[Short text fragments from websites]
—————

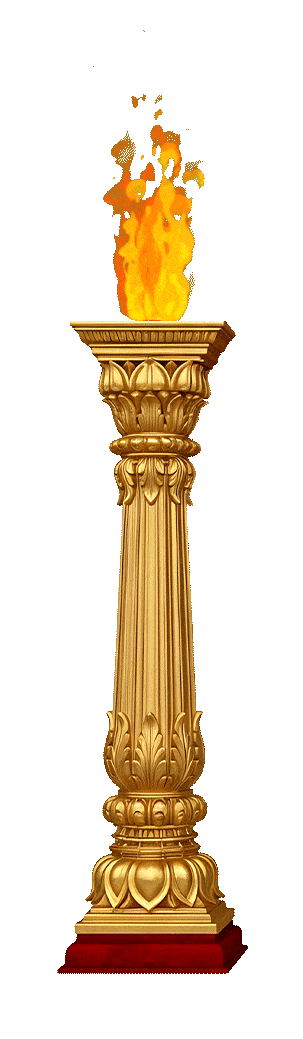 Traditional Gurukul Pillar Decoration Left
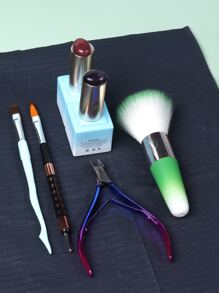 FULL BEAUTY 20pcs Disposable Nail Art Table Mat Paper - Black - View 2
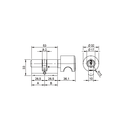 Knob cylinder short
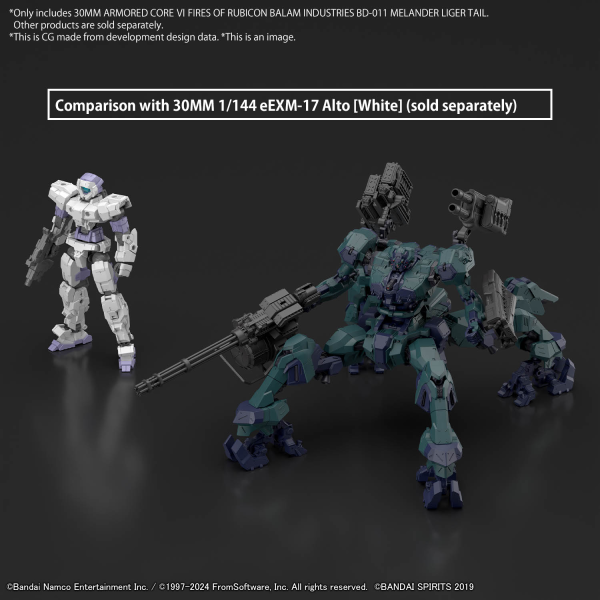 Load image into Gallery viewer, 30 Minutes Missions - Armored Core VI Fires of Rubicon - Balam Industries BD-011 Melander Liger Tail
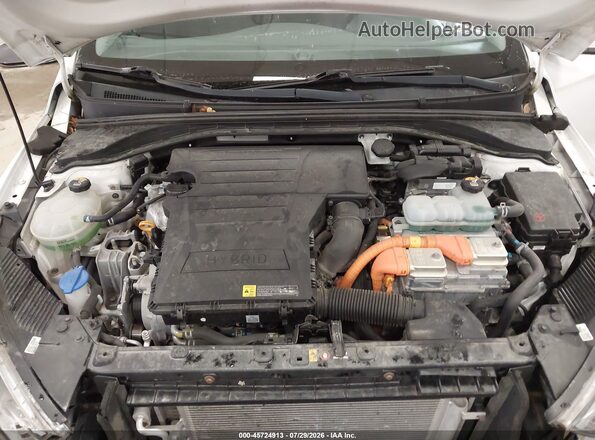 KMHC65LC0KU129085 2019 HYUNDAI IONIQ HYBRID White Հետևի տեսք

—————

AIM OF THE EXERCISE:
Exactly as written, reproduce the lines from the one containing "Load image into" through the last line of the entries above, and leave every picture out.

RESPONSE TO THIS TASK:
 Load image into Gallery viewer, 30 Minutes Missions - Armored Core VI Fires of Rubicon - Balam Industries BD-011 Melander Liger Tail
 KMHC65LC0KU129085 2019 HYUNDAI IONIQ HYBRID White Հետևի տեսք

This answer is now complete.